Homogeneity and completeness trade off; both must be reported. A single number hides which direction the algorithm is failing.
**Per-fixture report** is dumped as JSON on every CI run, not just pass/fail, so we can watch trends over time.
---
## 4. First Algorithm (after 13 are green)
Connected-components on a similarity graph. No ML.
- Nodes: attackers (or sessions, TBD — see open questions).
- Edges: weighted similarity, threshold to binarize.
- Edge weight = sum of:
- JA3/JA4/HASSH exact match: high
- Payload hash exact match: high
- C2 callback domain/IP exact match: high
- **Phase-handoff signal:** actor X ends in C2/Persistence on a decky, actor Y begins Discovery/Lateral Movement on the same decky within window W: medium-high. Defeats fixture 5 even when IP/ASN diverge.
- Credential-list Jaccard: low (defeated by fixture 1)
- Command-sequence Jaccard, bucketed by UKC phase: medium
- Temporal proximity (within window W): low multiplier
- ASN match: very low
- Edge threshold and feature weights are config, tuned against the 6 fixtures.

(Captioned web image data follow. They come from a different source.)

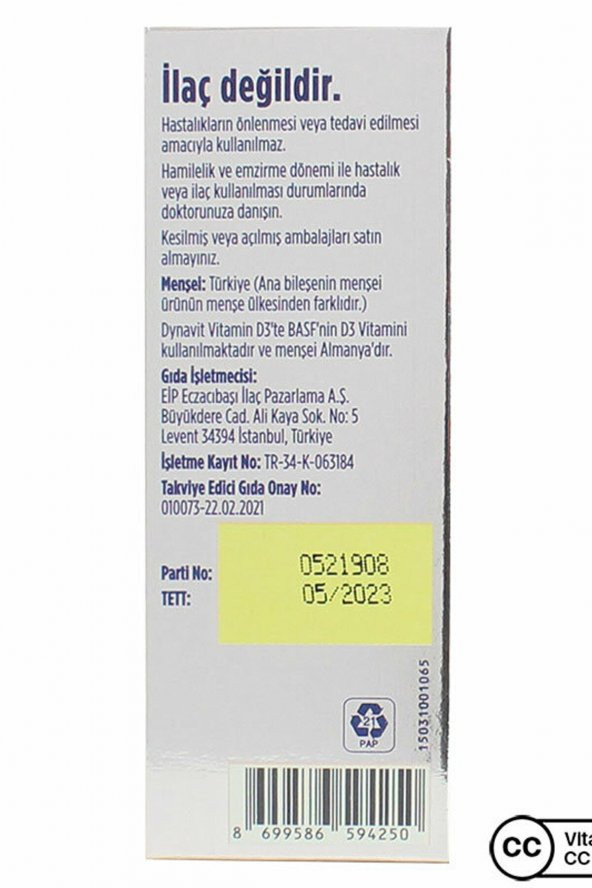 Dynavit Vitamin D3 1000 IU Sprey 20 ml - 4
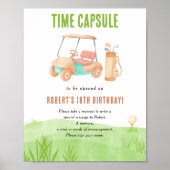 ゴルフのタイムカプセル 1歳の誕生日 ポスター (正面)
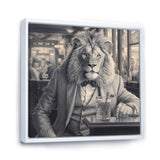 Lion Having A Drink - Animal Home Decor Art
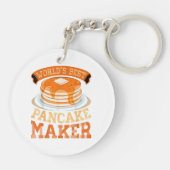Der weltbeste Pancake Maker - Funny Pancake Maker Schlüsselanhänger (Rückseite)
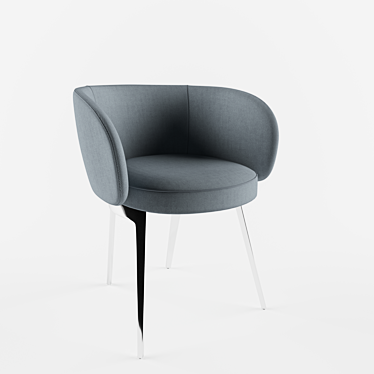 Sleek Design Chair 3D model image 1 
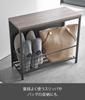 Yamazaki 5671 Entrance Bench with Storage Black Approx. W60XD25XH45cm Tower Tower Entrance Rack Storage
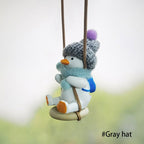 Cool Knit Cap Duck Car Pendant - SJB-DIAMOND ELITES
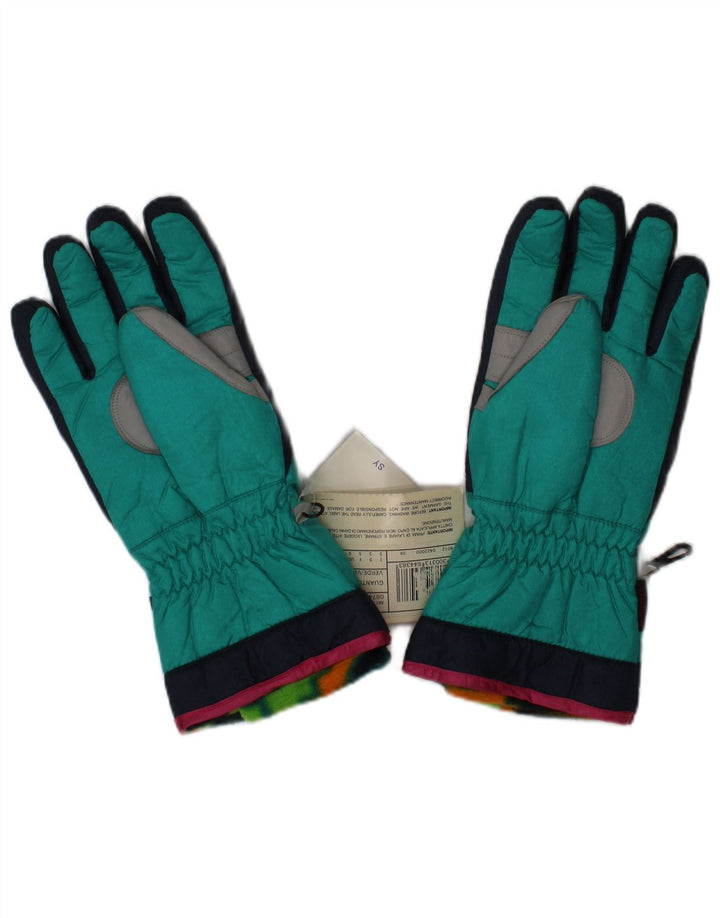 Guanti da sci Fila da uomo Small Green Colourblock poliestere invernale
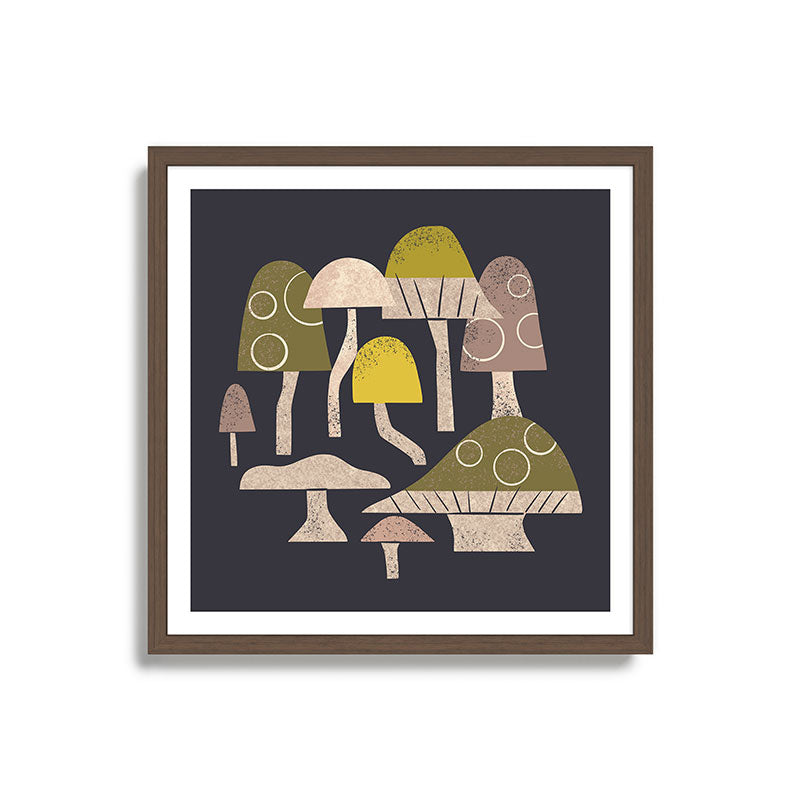 Toadstools Framed Art Print Gallery Image 17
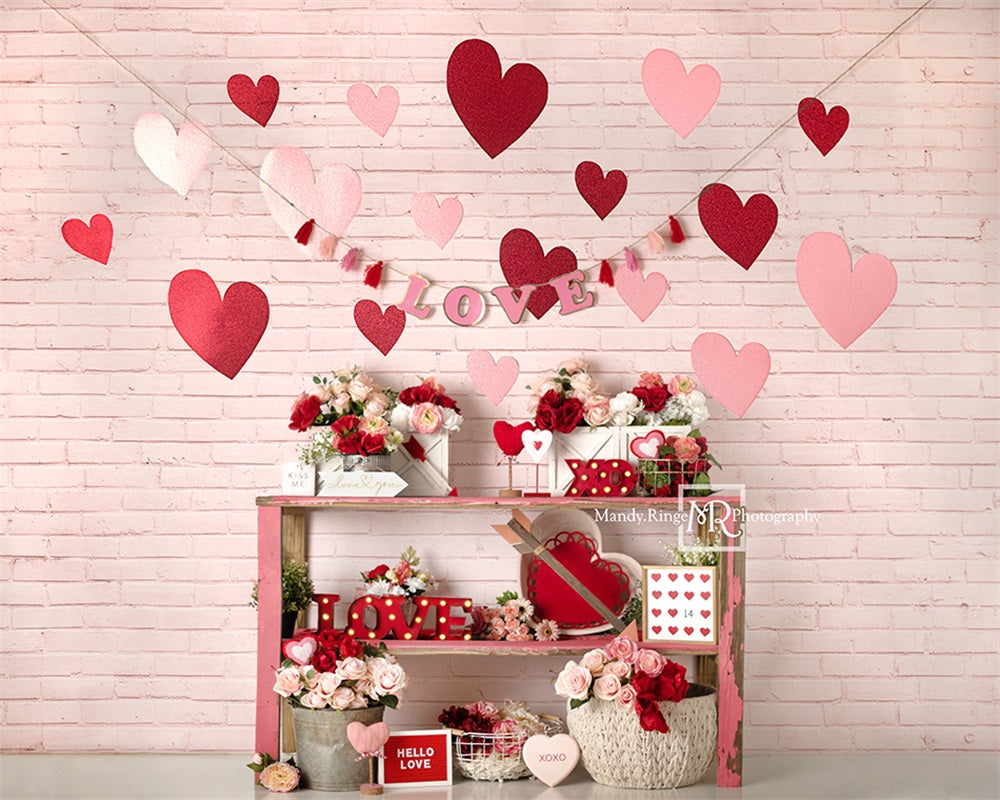 Kate Valentine's Day Love Heart Backdrop Designed by Mandy Ringe Photography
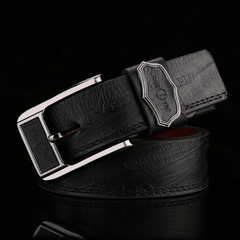 Men's PU Leather Buckle Belt for Party Holiday Business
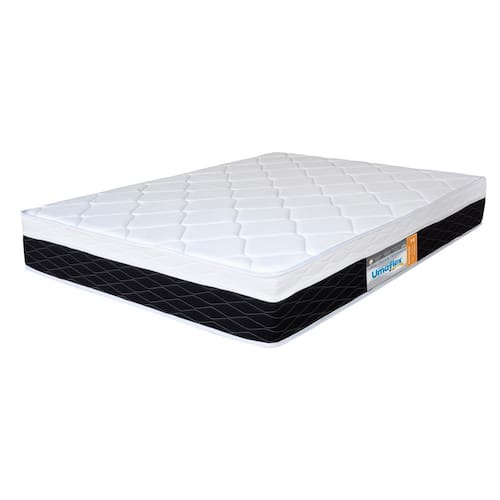 Colchão de Casal Umaflex Fascinium com Molas Ensacadas 24x138x188 cm - Preto/Branco Menor preço em Colchão de Casal Umaflex Fascinium com Molas Ensacadas 24x138x188 cm - Preto/Branco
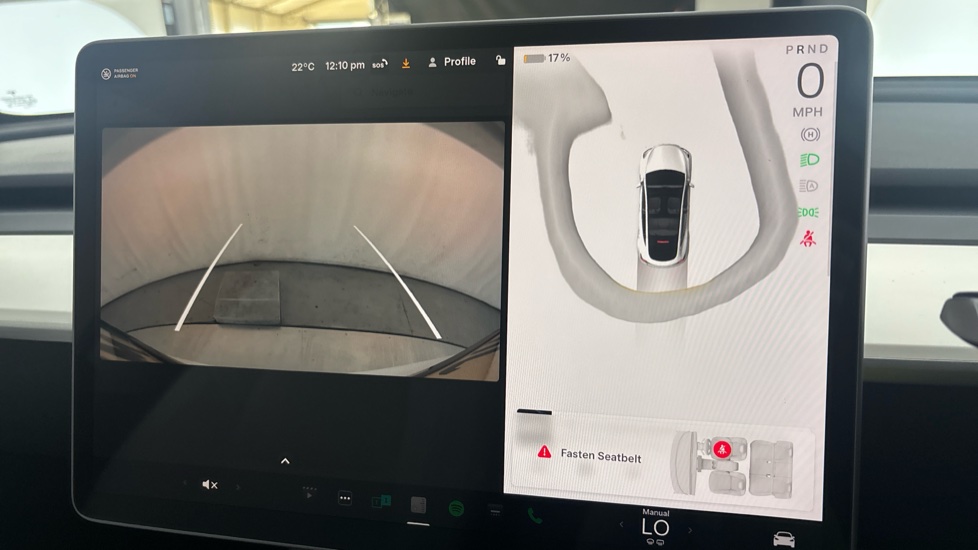 TESLA MODEL Y reverse camera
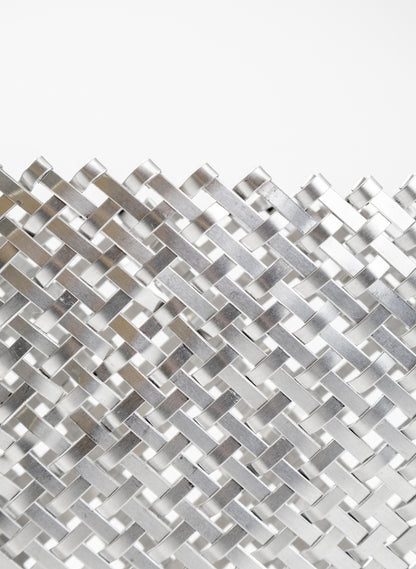 Thin Weave Silver Kete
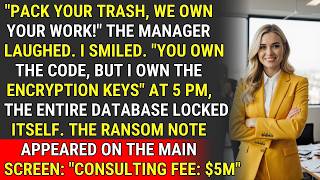 They Fired Their Encryption Lead – So She Locked Their Entire Database ♟️   Strategic Justice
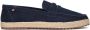 Tommy Hilfiger TH Heren TH Espadrille Classic Suede Desert Sky BLAUW - Thumbnail 6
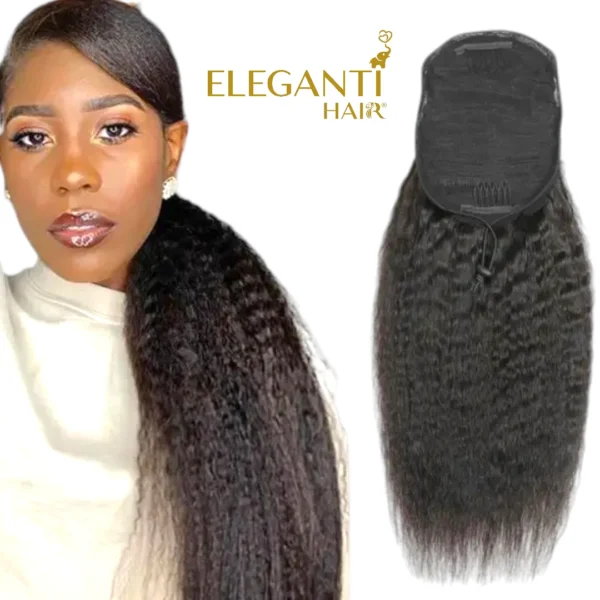 Postiche femme queue de cheval Lisse Afro - immagine 2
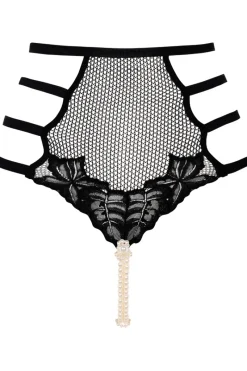 Sexy Lingerie | Sheer Lingerie>Bracli London Daisy High Waist Brief Black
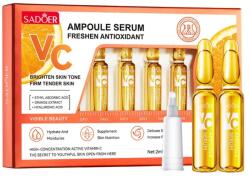 SADOER Ser facial tip fiola cu Vitamina C efect antioxidant 2 ml x 7 buc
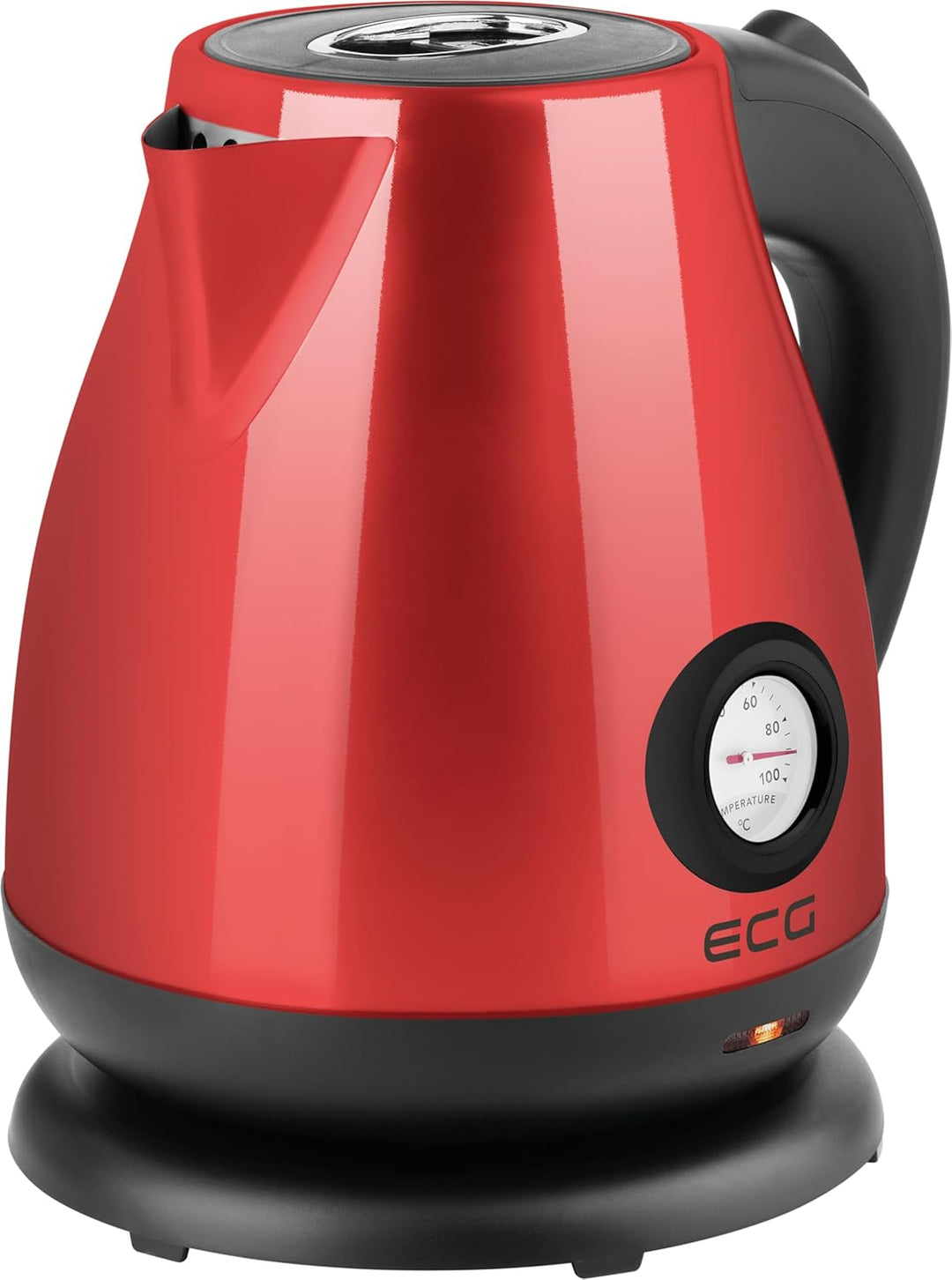 ECG RK 1705 Metallico Rosso, 2200W, 1,7l 1.7 Liter Rot, 1.7 Liter Rot
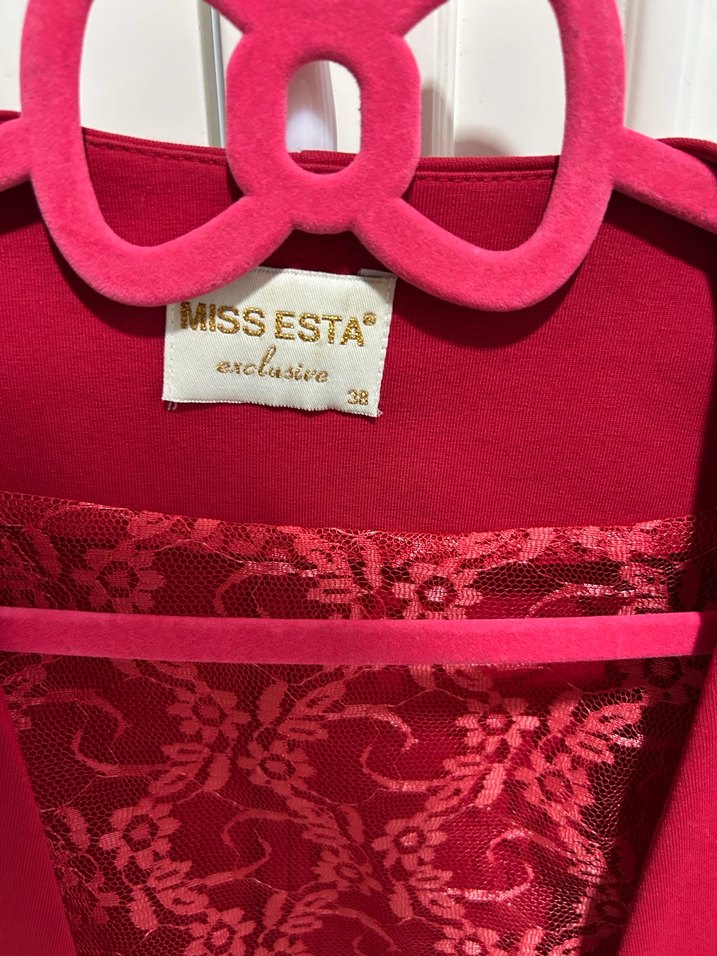 Parlak Kırmızı Düğmeli Kadın Blazer Ceket - Görsel 2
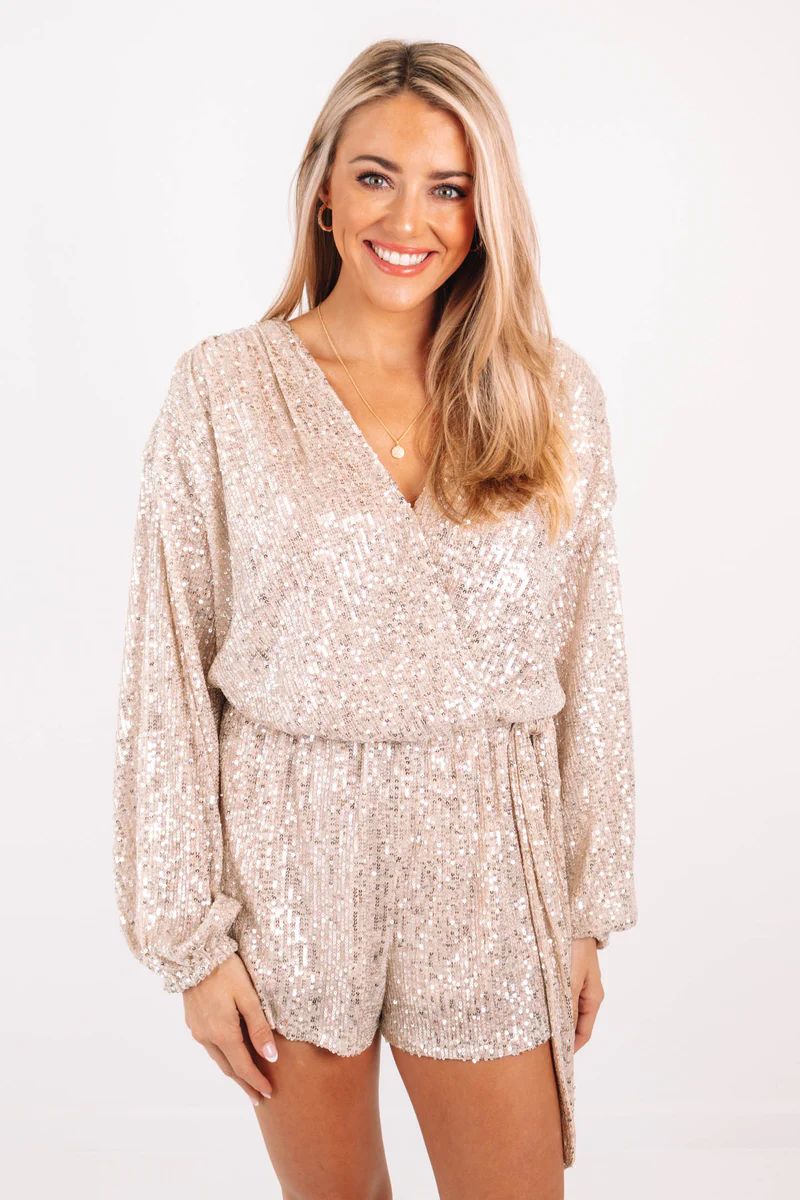 New Resolutions Romper - Champagne | The Impeccable Pig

If connected-components passes all 6, ship it. DBSCAN/HDBSCAN/graph-community algorithms are deferred until a fixture proves CC inadequate.
---
## 5. Pipeline Integration
- New worker: `decnet clusterer`. Bus consumer on `attacker.scored` and `attacker.observed`.
- Re-cluster strategy: incremental on new attacker arrivals, full re-cluster nightly.
- Storage: `campaigns` table (UUID PK, per the `feedback_uuid_over_natural_keys` rule); `attackers.campaign_id` FK nullable.
- Bus signal: `campaign.{id}.formed` / `campaign.{id}.updated`. Document in `wiki-checkout/Service-Bus.md` per the `feedback_wiki_bus_signals` rule.
- Dashboard: Campaigns list page + CampaignDetail (aggregated AttackerDetail, with a UKC phase timeline visualization showing which phases each actor in the campaign executed).
---
## 6. Replay Tier (post-v1)
Public-dataset replay through the real collector. Confirms our fixtures encode realistic patterns, not just our assumptions.
Candidate sources:
- Honeynet Project SSH session corpora.
- DShield daily summaries.
- Our own production data once it accumulates.
This is where we discover whether the DSL is missing a dimension. Schedule it; don't punt forever.
---
## Risks
1. **Simulator encodes our assumptions.** Real attackers may not match. Mitigation: replay tier (§6).
2. **Bound creep.** Loosening fixture bounds to ship is the failure mode. Mitigation: bound changes require PR justification.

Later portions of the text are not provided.